Observing the Observer
Sometimes the observer is more enticing and memorable than the observed.
In this case, Monitor photographer Robert Harbison visited Meteor Crater in Arizona and saw this man studying the ''painting'' at the visitors' center.
But, look twice, it isn't a painting. It's a hole in the wall surrealistically transformed into a painting of the distant mountains. The big crater is on the other side of the wall and down 570 feet to rock bottom (deeper than the Washington Monument is high).
Along comes Harbison to set up the following chain of serious nonsense: you, the reader, observing Harbison's photo, in which he observed an observer observing the landscape, not to mention the writer of these words observing Harbison's photo of the observer observing.... Well, you get the picture.
The point here is not Meteor Crater. That was created some 22,000 years ago when a huge meteor hit the earth at an estimated 33,000 m.p.h. Anyone can observe the remaining brown hole, 4,150 feet across. Astronauts, preparing to go to the moon, trained here.
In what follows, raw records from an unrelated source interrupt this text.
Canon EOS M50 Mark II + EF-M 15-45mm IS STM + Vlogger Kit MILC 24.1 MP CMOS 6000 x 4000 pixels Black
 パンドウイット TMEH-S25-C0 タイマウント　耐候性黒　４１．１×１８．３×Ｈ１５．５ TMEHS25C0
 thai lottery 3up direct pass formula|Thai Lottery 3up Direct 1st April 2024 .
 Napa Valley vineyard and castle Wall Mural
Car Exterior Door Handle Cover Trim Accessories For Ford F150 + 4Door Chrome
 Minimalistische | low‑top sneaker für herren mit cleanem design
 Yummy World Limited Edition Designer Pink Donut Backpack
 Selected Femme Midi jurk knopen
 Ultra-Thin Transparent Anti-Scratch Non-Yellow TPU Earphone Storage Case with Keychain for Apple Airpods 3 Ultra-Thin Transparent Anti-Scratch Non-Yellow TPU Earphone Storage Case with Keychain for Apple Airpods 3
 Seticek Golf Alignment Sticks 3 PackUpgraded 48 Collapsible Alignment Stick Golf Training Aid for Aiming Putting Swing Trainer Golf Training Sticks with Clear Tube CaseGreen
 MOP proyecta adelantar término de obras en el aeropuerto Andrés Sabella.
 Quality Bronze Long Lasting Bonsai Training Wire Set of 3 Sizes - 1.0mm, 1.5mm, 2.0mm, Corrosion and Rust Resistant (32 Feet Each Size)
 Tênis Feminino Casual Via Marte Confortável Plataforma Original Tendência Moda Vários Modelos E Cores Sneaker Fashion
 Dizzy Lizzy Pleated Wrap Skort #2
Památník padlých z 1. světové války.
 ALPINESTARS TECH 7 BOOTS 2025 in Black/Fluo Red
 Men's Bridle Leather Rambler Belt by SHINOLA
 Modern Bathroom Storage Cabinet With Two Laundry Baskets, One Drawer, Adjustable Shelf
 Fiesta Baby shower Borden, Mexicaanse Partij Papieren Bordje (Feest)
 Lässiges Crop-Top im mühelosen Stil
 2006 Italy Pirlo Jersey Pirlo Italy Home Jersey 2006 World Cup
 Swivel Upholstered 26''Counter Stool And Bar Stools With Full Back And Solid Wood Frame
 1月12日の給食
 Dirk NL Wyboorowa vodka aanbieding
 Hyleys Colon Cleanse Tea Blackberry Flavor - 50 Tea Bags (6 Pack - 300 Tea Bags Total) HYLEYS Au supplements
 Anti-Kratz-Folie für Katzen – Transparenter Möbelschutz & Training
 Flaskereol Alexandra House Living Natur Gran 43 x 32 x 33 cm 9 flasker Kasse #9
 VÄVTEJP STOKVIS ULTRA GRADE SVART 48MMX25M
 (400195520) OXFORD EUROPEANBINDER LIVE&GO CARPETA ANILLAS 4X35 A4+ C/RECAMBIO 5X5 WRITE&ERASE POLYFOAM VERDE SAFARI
The point, I think, is that Harbison's contained view delightfully turns around the perspective to suggest a more open view. Herein lies one of the purposes of art, to tell the truth in a new way. As lawyer Clarence Darrow once said, ''The pursuit of truth shall set you free -- even if you never catch up with it.''
This photo, I think, demands a second look, even a third to catch up with it. That makes it an adventurous observation, like looking at a big hole in the ground and seeing possibilities instead of emptiness.